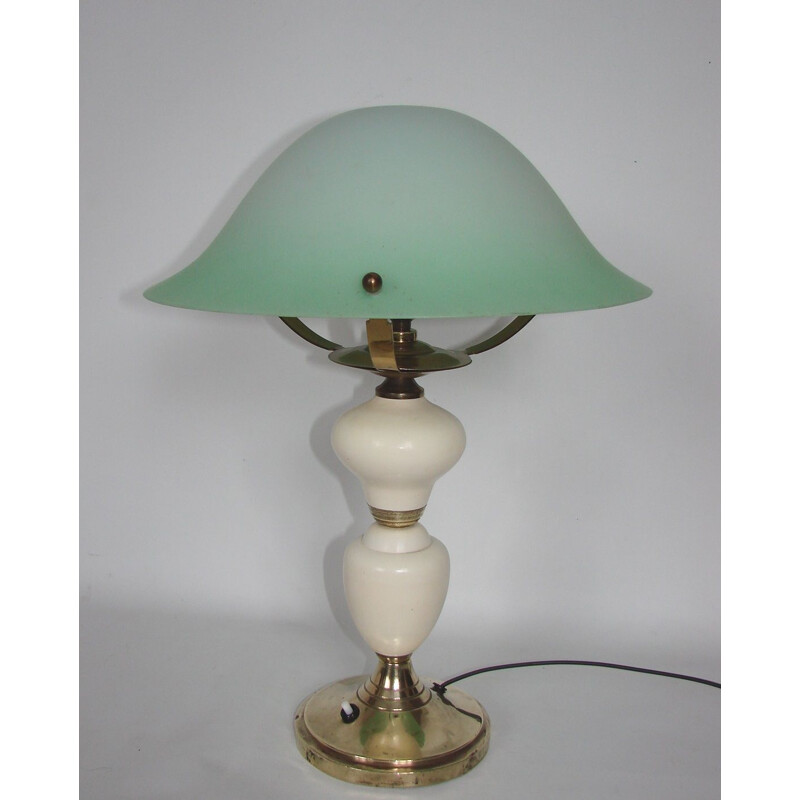 Vintage brass, metal and glass table lamp, 1940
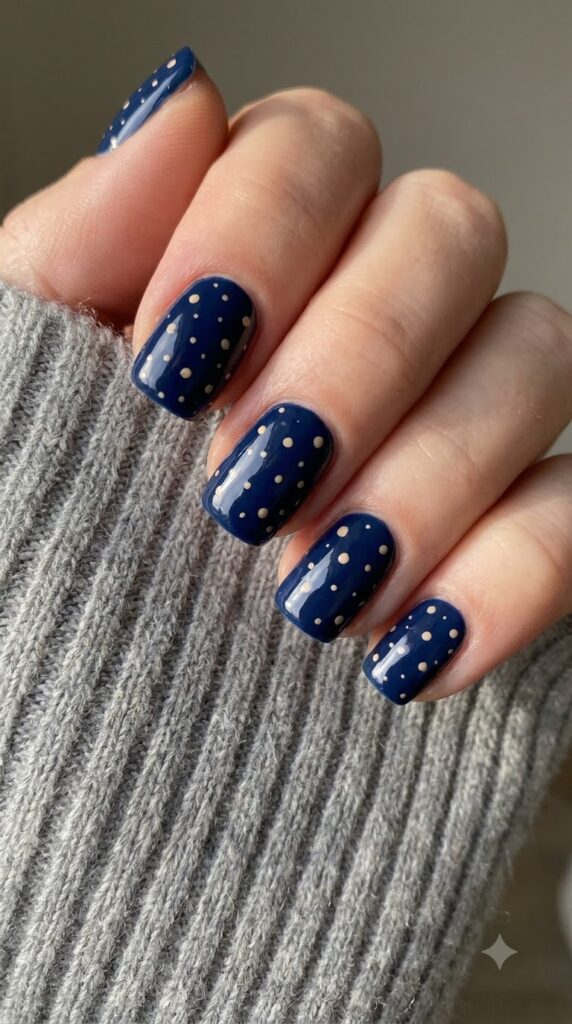 Short squoval deep navy blue nails decorated with tiny hand-painted beige dots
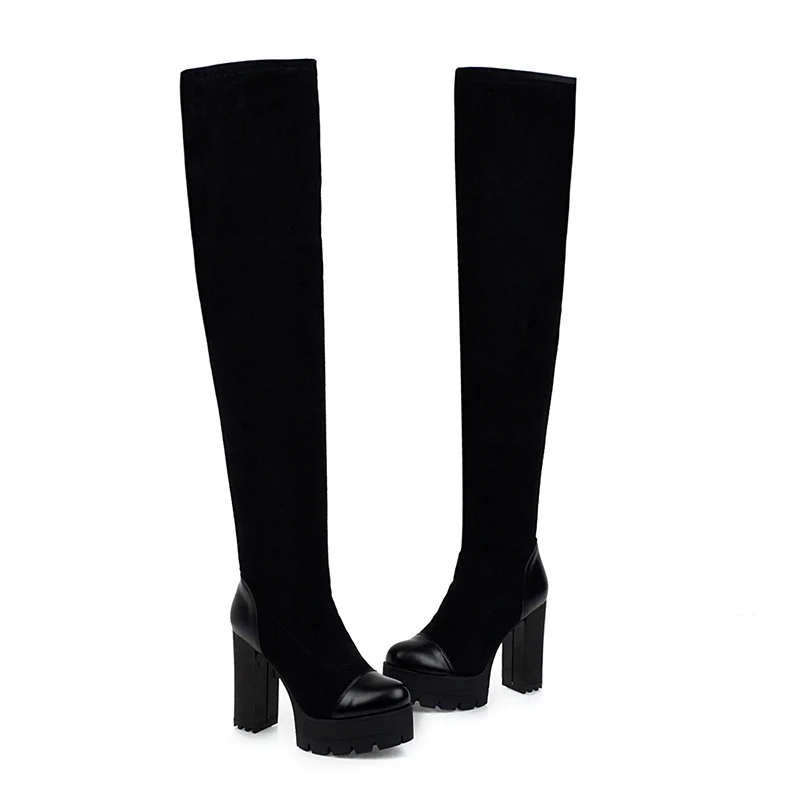 WETKISS Platform High Heels Boots Women Thigh High Boot Female Stitching Shoes Lady Round Toe Stretch Shoes Winter Plus Size 48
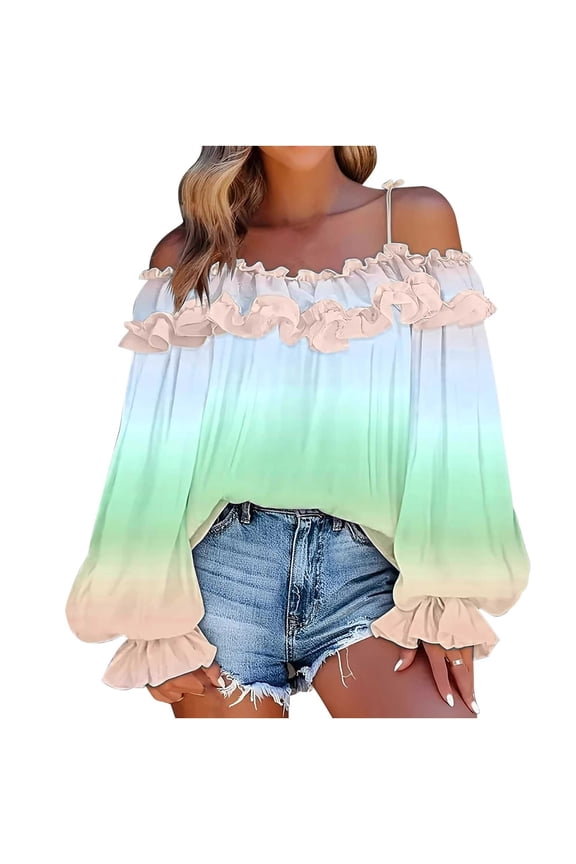 Women's Off-Shoulder Gradient Blouses Strap Neckline Lantern Sleeves with Ruffled Cuffs Tops Double-Layer Ruffled Sequin Outdoor(Light Blue,M)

[TASK PROMPT] All of the data gets printed again exactly; the pictures do not.

[RESPONSE TO THIS EXERCISE]
 Vintage brass, metal and glass table lamp, 1940
 Short squoval deep navy blue nails decorated with tiny hand-painted beige dots
 WETKISS Platform High Heels Boots Women Thigh High Boot Female Stitching Shoes Lady Round Toe Stretch Shoes Winter Plus Size 48
 Women's Off-Shoulder Gradient Blouses Strap Neckline Lantern Sleeves with Ruffled Cuffs Tops Double-Layer Ruffled Sequin Outdoor(Light Blue,M)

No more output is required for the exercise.